From that seed of curiosity, Liebowitz travelled to the site of the camp, microphone in hand, to join a reunion of survivors and descendants. “I left with a recording kit to see what I could find with a vague plan,” she told Jewish News. “I had no idea about the Bergen Belsen babies or life in the DP camp – which, in the end, made my creative process a lot different to what I would have expected.”

The result is a deeply personal and profoundly moving radio documentary that captures the lives of Jewish women born amid the ruins. More than 2,000 babies were born in the DP camp before it closed in 1950 – among them Karen Lasky and Susan Schwartz, both featured in the programme.

“I was born in the DP camp,” says Schwartz, who now lives in Los Angeles. “And when I go to the DP camp, I feel comfortable. I feel like I’m at home, really.”
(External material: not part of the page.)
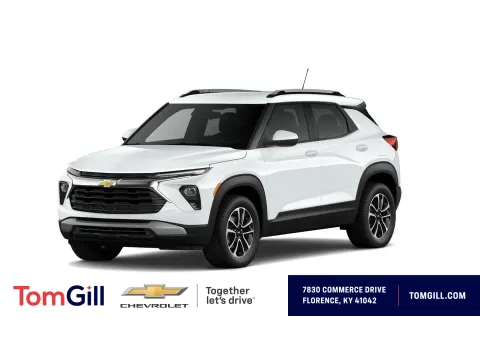 White 2026 Chevrolet Trailblazer LT for sale in Florence, KY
Susan Schwartz. Phot Credit: Andrew Schwartz

Her recollections blend humour and horror. She shows Liebowitz the steps where she played as a toddler, proudly recounts the fur coat she wore at age three, and tells stories of ice cream runs to nearby towns. But she also shares that her pet dog – a gift from her parents after liberation – had a swastika burned into its ear. Her mother had pretended to be a chef for the SS; her father sabotaged bombs during forced labour.

For Karen Lasky, born nearby in 1946, the camp was the place her parents – both Holocaust survivors – met after losing their families. “There’s so much death here,” she says, standing by one of the camp’s mass graves. “And then for me, I look at this more as a place of life… The liberation here is what I connect to.”

Lasky only discovered her original name – Krisha – decades later when she visited the Bergen-Belsen Memorial in 2007. “Coming here in 2007 was for me a coming of age,” she says. “Being rewarded with my full identity.”

Karen Lasky. Photo Credit: Amie Liebowitz

Alongside these interviews, Liebowitz delves into the archives of the camp’s museum. With the help of lead archivist Bernd Horstmann, she uncovers documents confirming that her relatives were not Mina, Leah and, Brenda – but Mina, Bronka, and Lea Szach. “Everyone’s names and locations were spelt incorrectly,” she explains in the episode.

A British Red Cross form showed Mina’s uncles in London had desperately been searching for her. Eventually, Mina and the twins made it to England in April 1946. “It just makes me feel – I feel like I could – can I keep these?” her cousin Laura asks through tears. “Everything she said, the good, the bad, it’s all here in black and white.”

Liebowitz, who moved to London in 2017, told Jewish News: “This is my contribution to UK society and UK Jewry. Many people still don’t know that the British liberated Bergen-Belsen… Their face lights up when you tell them.”

Amie Liebowitz. Photo Credit: amieliebowitz.com

She added: “There was a real discussion between the babies about concerns that once the survivors are gone, their stories would be forgotten by governments and organisations. I hope this makes people reflect on that time period and ask more questions.”

Liebowitz previously fronted the acclaimed BBC World Service documentary Death Marches: Uncovering the Truth Beneath the Soil, which investigated a Nazi death march through the former German town of Schönwald, now Bojków in Poland. The programme, part of the BBC’s 80th anniversary coverage of Auschwitz’s liberation, was praised by listeners and uncovered long-silenced local complicity.

Bergen Belsen: Among Graves, We Were Born is available now on BBC Sounds and the World Service’s Heart and Soul programme.